Each entry is to be given again precisely, and no picture may be carried over.

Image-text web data
○ ○ ○ ○ ○

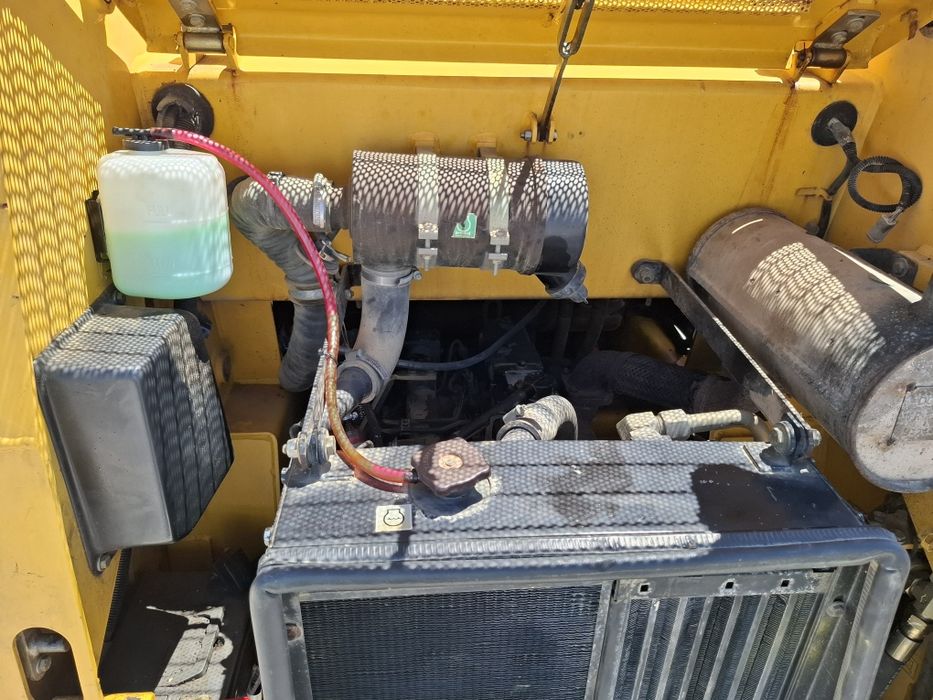 Mini carregadora Komatsu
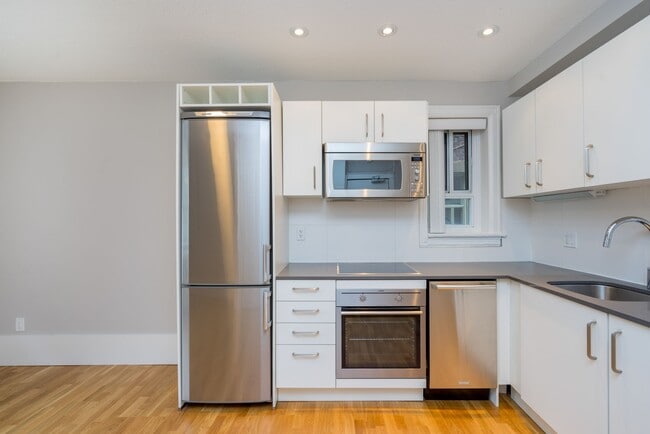 Photo - 54 Maitland St Unit 305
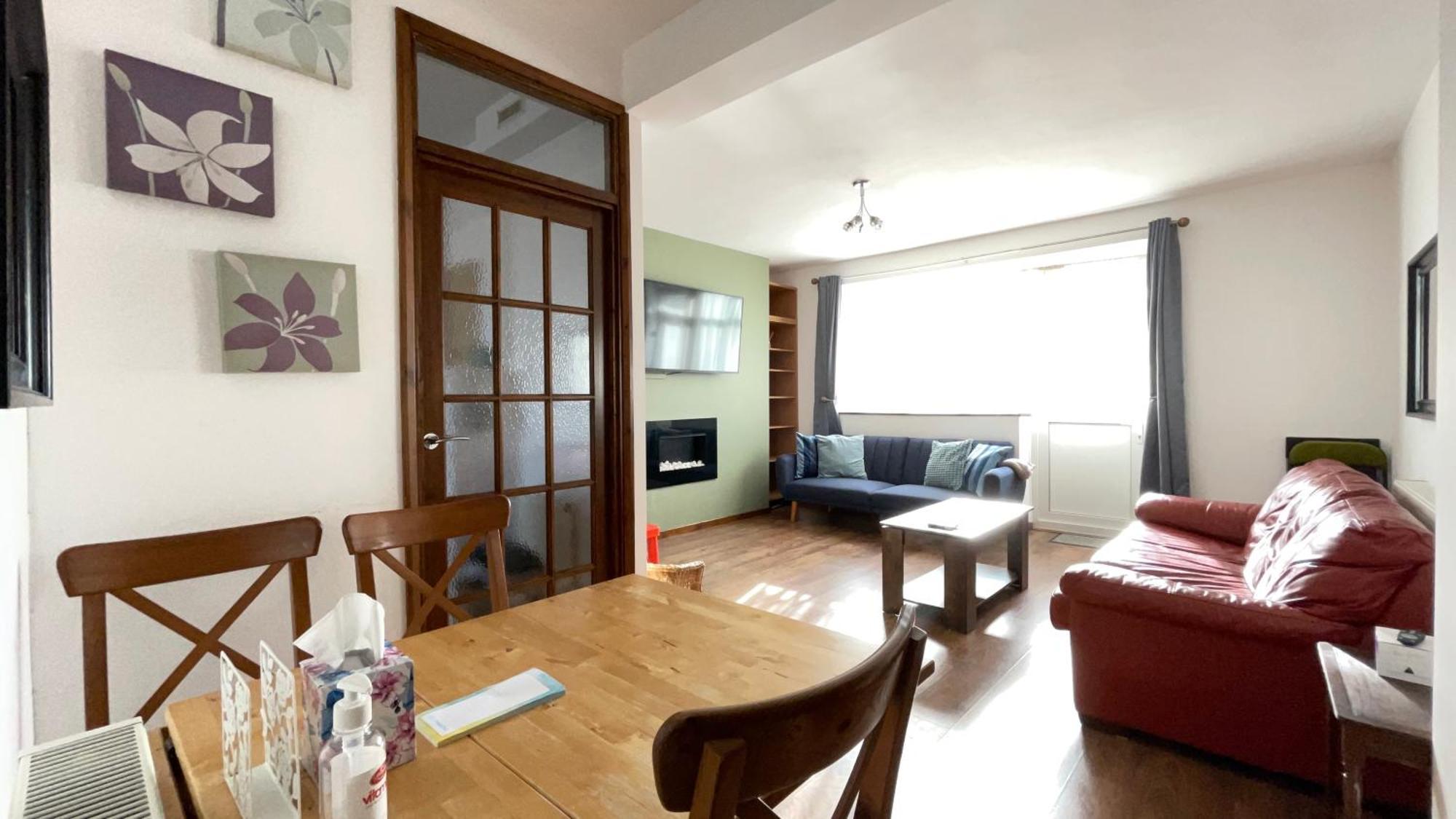 Appartement 2 Bedrooms 2 Stations *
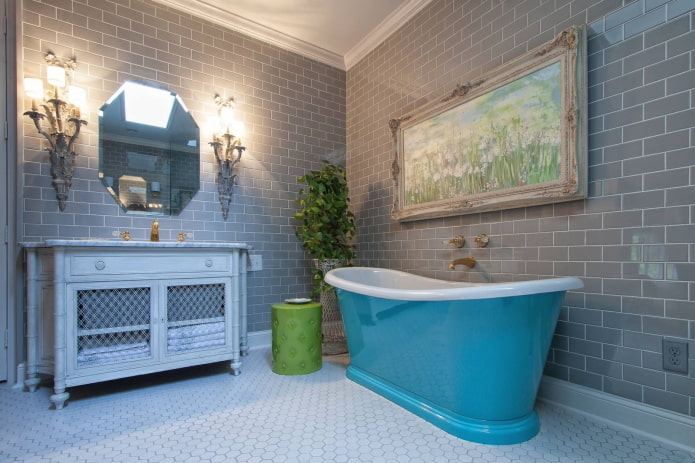 grijze muren in het interieur van de badkamer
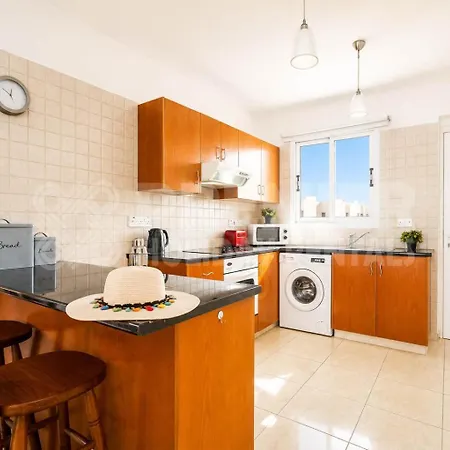 2br With Pool - Michel By Premier Apartment Paralimni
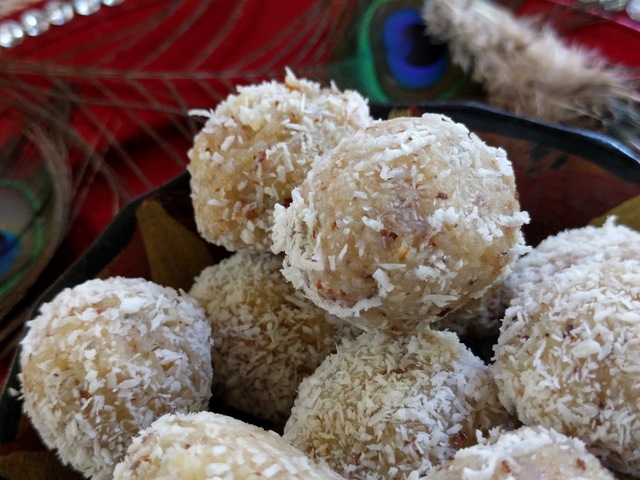 Coconut Almond Laddoos /Balls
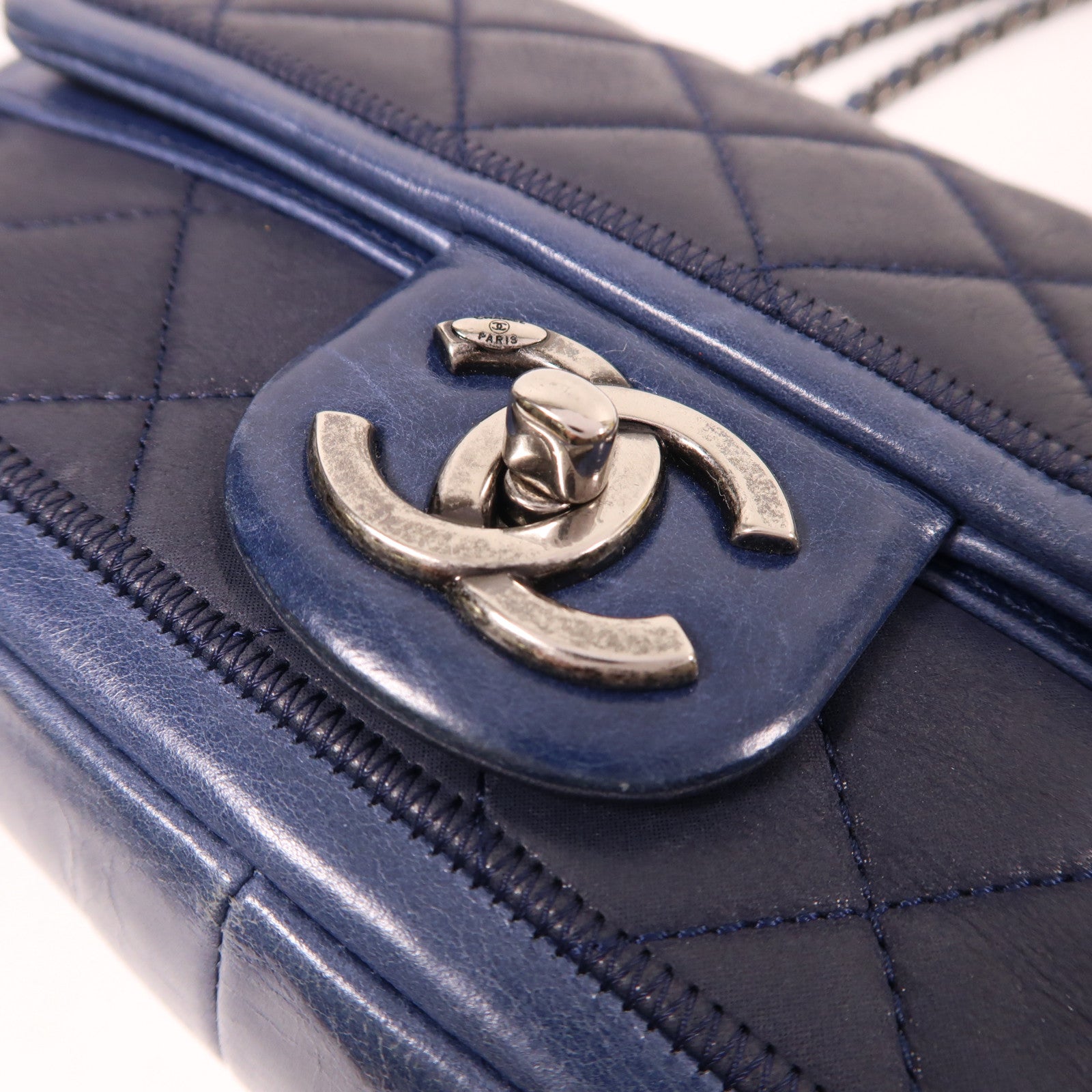 CHANEL 牛皮皮革Chain Shoulder銀扣鏈帶肩背袋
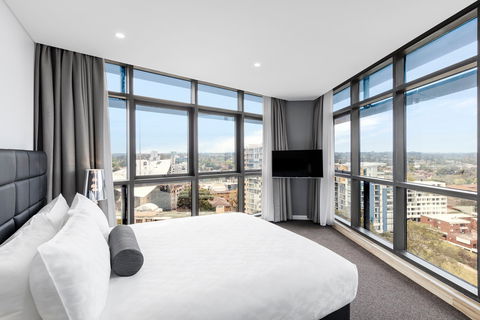 Meriton Suites Church Street, Parramatta - Accommodation Guide 1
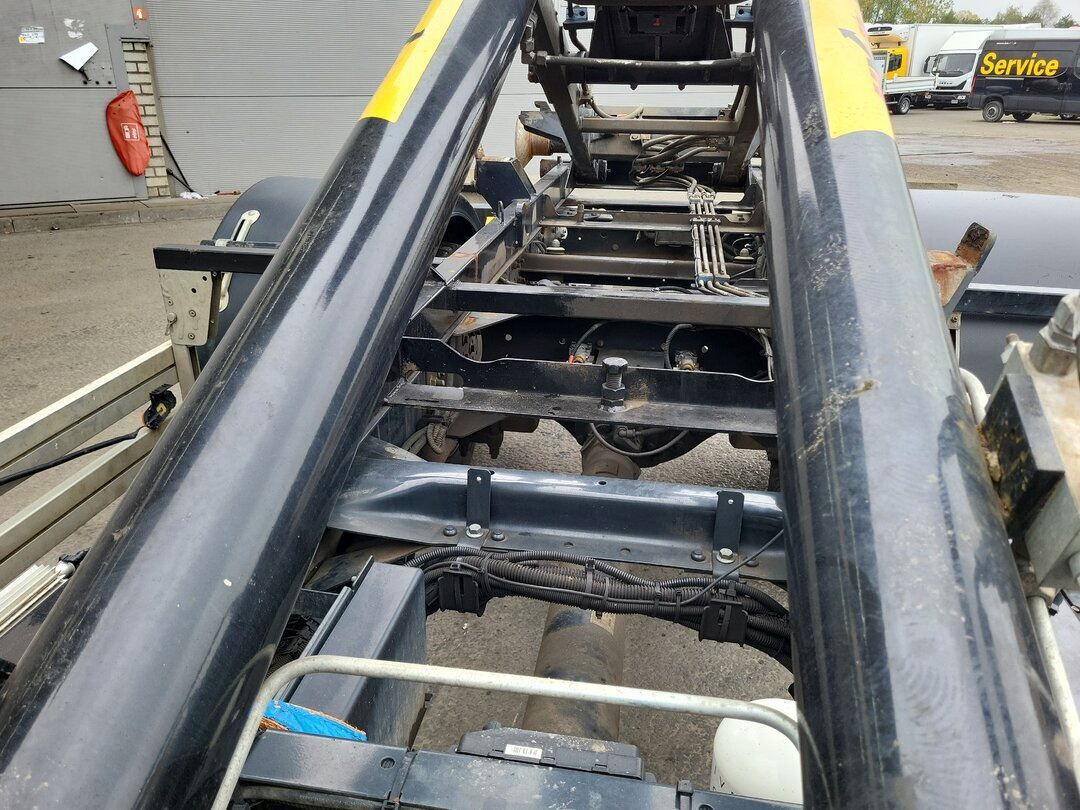 Iveco EuroCargo ML120E22 4x2 EuroCargo ML120E22 4x2, City-Abroller - Camión multibasculante: foto 3 Iveco EuroCargo ML120E22 4x2 EuroCargo ML120E22 4x2, City-Abroller - Camión multibasculante: foto 3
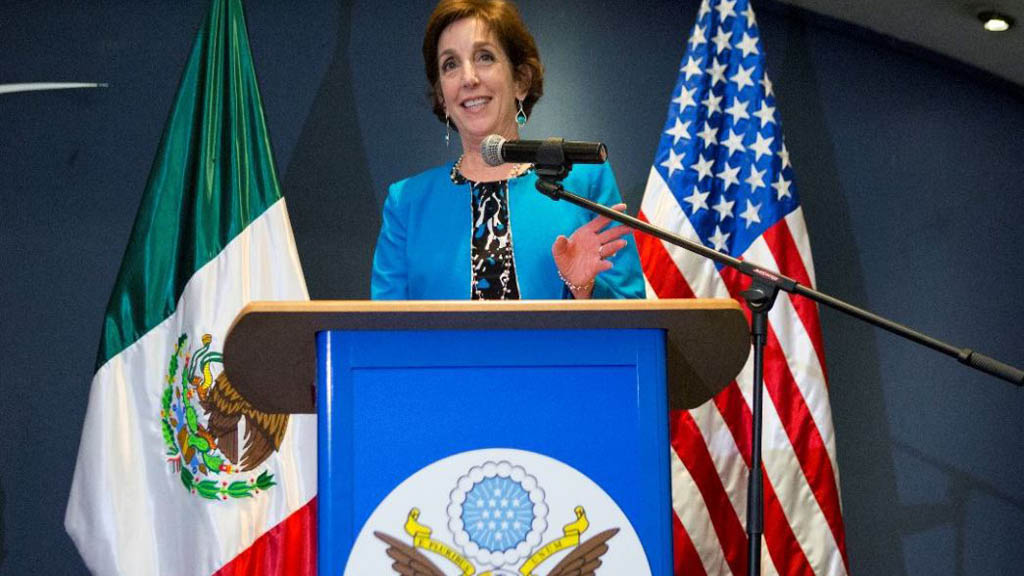 Roberta Jacobson se siente aliviada y feliz de ya no trabajar para Trump - roberta-jacobson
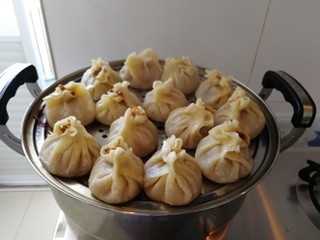 20、驴肉烧卖,时间到，蒸好了，还不错哦。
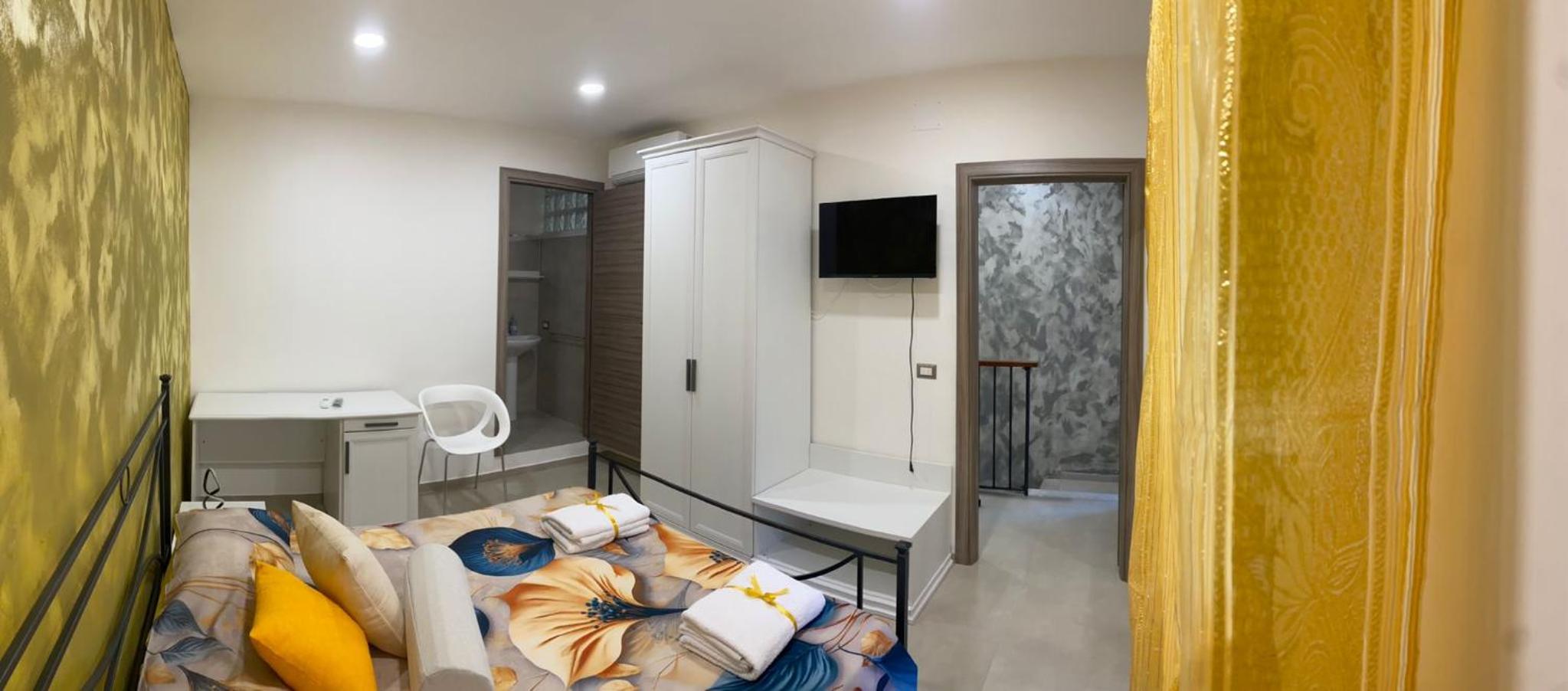Double Room with Private Bathroom photo 2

○ ○ ○ ○ ○

* _Solution to the exercise_
 Mini carregadora Komatsu
 Photo - 54 Maitland St Unit 305
 Appartement 2 Bedrooms 2 Stations *
 grijze muren in het interieur van de badkamer
 2br With Pool - Michel By Premier Apartment Paralimni
 Coconut Almond Laddoos /Balls
 CHANEL 牛皮皮革Chain Shoulder銀扣鏈帶肩背袋
 Meriton Suites Church Street, Parramatta - Accommodation Guide 1
 Iveco EuroCargo ML120E22 4x2 EuroCargo ML120E22 4x2, City-Abroller - Camión multibasculante: foto 3 Iveco EuroCargo ML120E22 4x2 EuroCargo ML120E22 4x2, City-Abroller - Camión multibasculante: foto 3
 Roberta Jacobson se siente aliviada y feliz de ya no trabajar para Trump - roberta-jacobson
 20、驴肉烧卖,时间到，蒸好了，还不错哦。
Double Room with Private Bathroom photo 2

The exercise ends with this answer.